According to the Rev. Tom Rakow, pastor at Grace Bible Church, the presentation was planned last year, but due to the pandemic it was canceled.

“Dr. Bergseng did a similar presentation at the Grace Bible Church quite a number of years ago and it was very memorable,” Rakow said. “I personally remember him giving medical insight into Jesus being under great stress in the garden on the Mount of Olives where he was praying and ‘his sweat was like drops of blood falling to the ground’ (Luke 22:44).”

“We know from the Bible that Jesus suffered things like: rejection, humiliation, abandonment and betrayal,” Rakow continued. “However, all four of the Gospels (Matthew, Mark, Luke and John) go into significant detail regarding the crucifixion itself. It is our hope that Dr. Bergseng’s presentation will help individuals have an even deeper appreciation of what Jesus Christ endured.”

Bergseng’s interest in the topic goes back to his medical school days at Des Moines University. One of his clinical instructors had an interest in the physiological changes in crucifixion, which he shared in a lecture. It piqued Bergseng’s curiosity.

“It’s a slow, painful, miserable process,” Bergseng said in an earlier Leader interview. “A number of factors contribute to asphyxiation. You can no longer hold yourself up because of broken legs. Your chest gets into a position where you can’t move air very well. You contain carbon dioxide. You die.”

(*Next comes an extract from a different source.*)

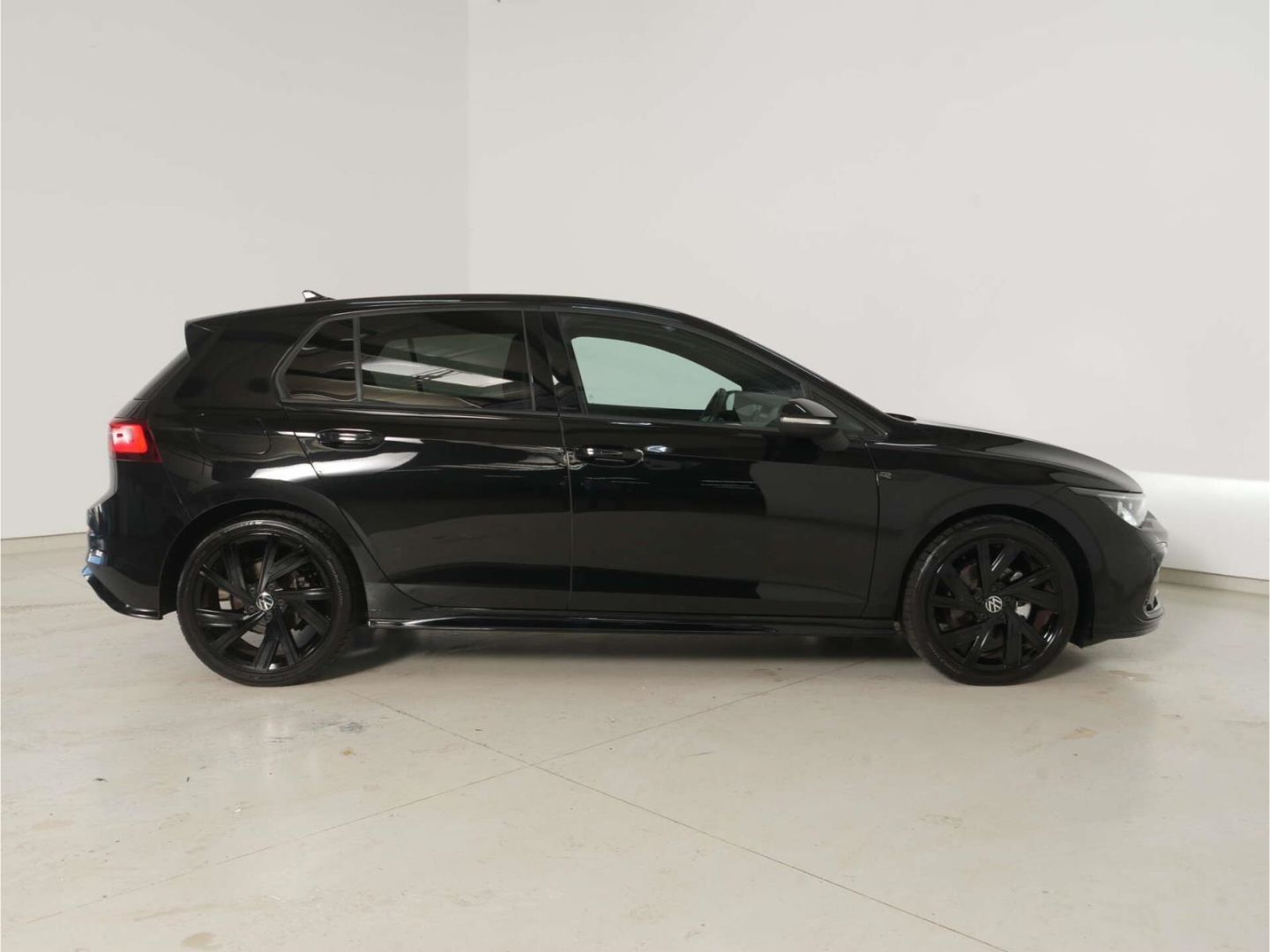Volkswagen Golf 2024 г. Чёрный, пробег 15839 км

Bengseng said the goal of such a terrible form of death, in view of the public, was to send a message to anyone who tried to go against the way of the times or challenge Roman leadership.

To visualize the process of scourging and crucifixion, all you have to do is view the movie “The Passion of The Christ.” It’s a powerful film that shows you what Jesus endured. Through the years, Bengseng has given this presentation multiple times. Although the audiences have changed, the kinds of responses he receives have remained consistent. Some are moved to tears knowing what Jesus went through, while others are amazed by the science behind crucifixion.

Based on historical record, what continually amazes the doctor is the accuracy of the four gospels’ description of the crucifixion. It has strengthened his faith as a Christian.

“We know Christ died on the cross,” he said. “Some people doubt how much historical value is in the Bible. How true is it? That goes to my amazement how accurate the biblical descriptions are. If that’s accurate, then that tells me other parts of the New Testament are just as accurate — the miracles, travels, healings, who said what. When you see the accuracy depicted, that’s great news.”